The series follows characters Bong Sang-pil and Ha Jae-yi who form the Lawless Law Firm. Sang-pil, a former gangster turned lawyer, seeks to avenge his mother and fight against those with absolute power. He often resorts to using his fists and loopholes in the law to achieve his goals. Ha Jae-yi is a lawyer of high integrity who works with Sang-pil after she is suspended for assaulting a judge. Together they use the law to fight for justice against corrupt judge Cha Moon-sook and her associates.

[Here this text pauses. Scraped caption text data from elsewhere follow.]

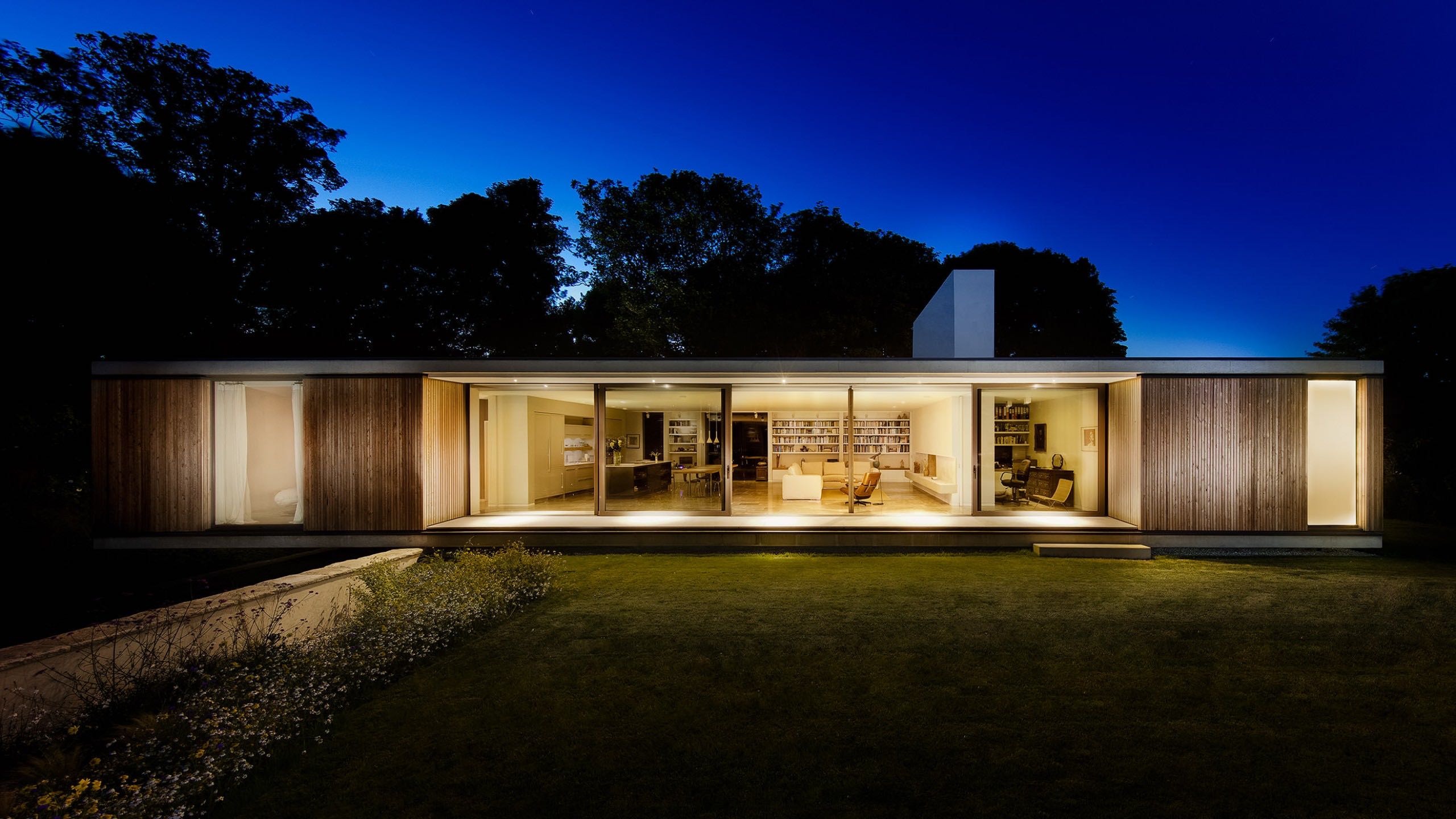 Modern house - The Quest - Strom Architects- - exterior night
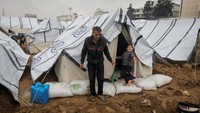 Layanan Darurat Sipil Palestina mengatakan ribuan orang yang mengungsi terkena dampak banjir musiman dan menuntut tenda dan karavan baru dari para donatur bantuan untuk melindungi mereka. 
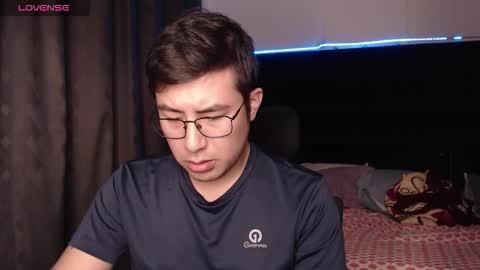 andrewmhilton_ online show from January 2026 07:13:01 AM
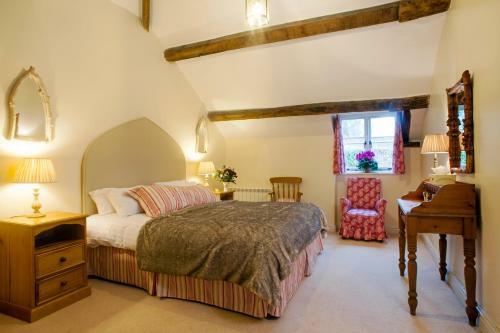 Courtyard Cottages - Combermere Abbey Estate
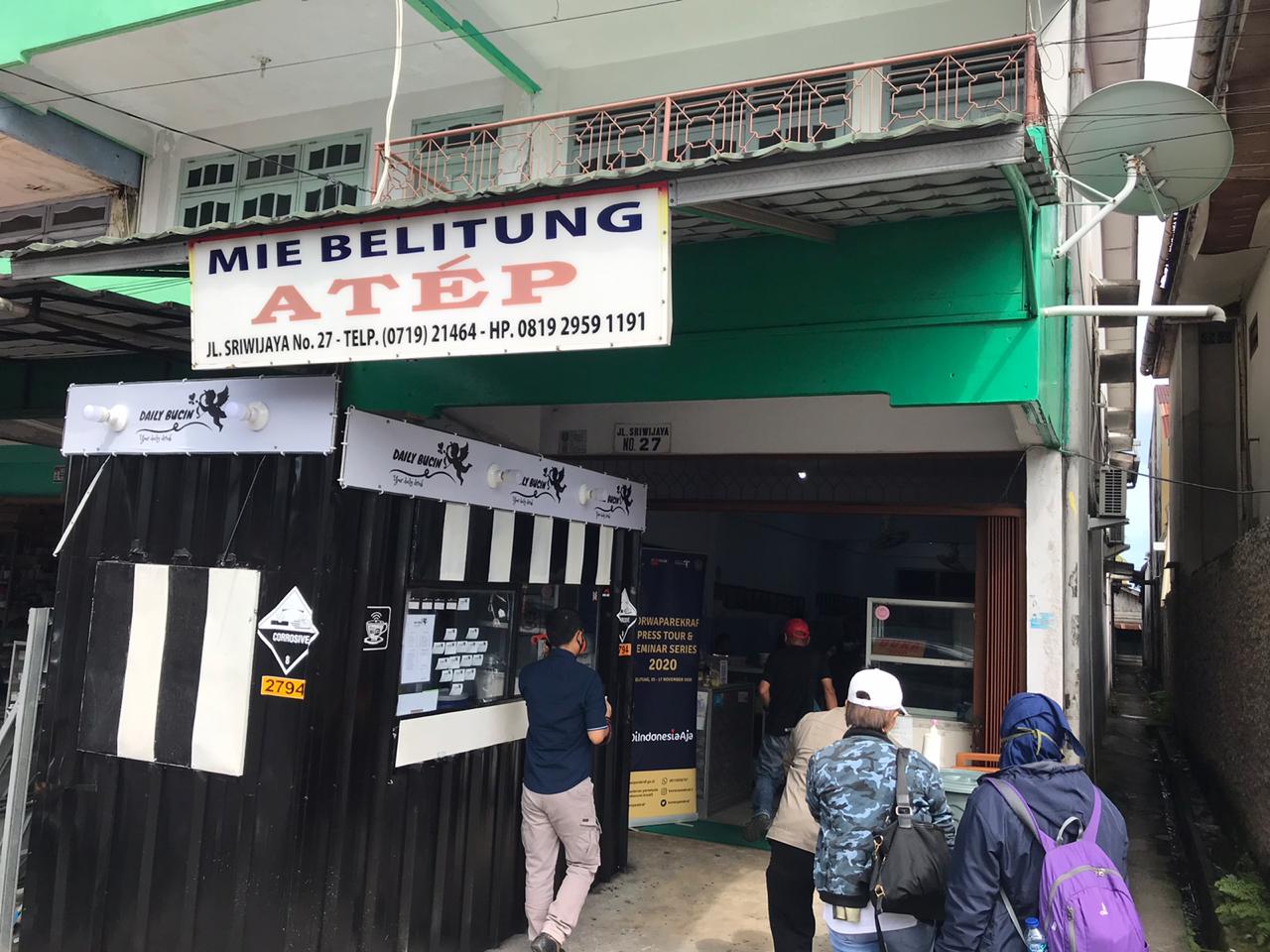 Mie Belitung Atep, salah satu kuliner khas dan wajib dicoba di Kabupaten Belitung. Foto: Foggen Bolung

Lawless Lawyer premiered on tvN on May 12, 2018. It concluded on July 1, 2018 with the airing of the 16th episode. The series was a commercial hit and became one of the highest-rated Korean dramas in cable television history.

Plot

Background
18 years prior to the events of the series, Cha Moon-sook murders a man critical of her late father. She then orders gangster Ahn Oh-joo to cover it up. Lawyer Cho Jin-ae discovers the truth of the event due to pictures taken by Noh Hyung-joo. Oh-joo murders Jin-ae but her young son Sang-pil escapes with the help of Hyung-joo. Sang-pil flees to his uncle Choi Dae-woong, who is a gangster in Seoul. Hyung-joo is forced to leave her husband and young daughter Ha Jae-yi behind to flee the country. Moon-sook becomes a prominent judge and is seen as a pillar of the community. Oh-joo becomes the boss of large corporation and gains wealth. Sang-pil and Jae-yi both become lawyers in the city of Seoul.

Synopsis
An adult Sang-pil leaves his lucrative practice in Seoul and returns to Kisung to bring those responsible for his mother's death to justice. He takes over a loan shark business and converts it into the Lawless Law Firm. Jae-yi is suspended from practicing law after assaulting a judge, loses her job, and also returns home to Kisung. She soon ends up working for Sang-pil, and later becomes his partner when reinstated as a lawyer. After learning the truth about Moon-sook, she joins Sang-pil in his pursuit of justice for the wrong done to their mothers. Together, they use the law to fight against Moon-sook and her associates. Over time, they fall in love.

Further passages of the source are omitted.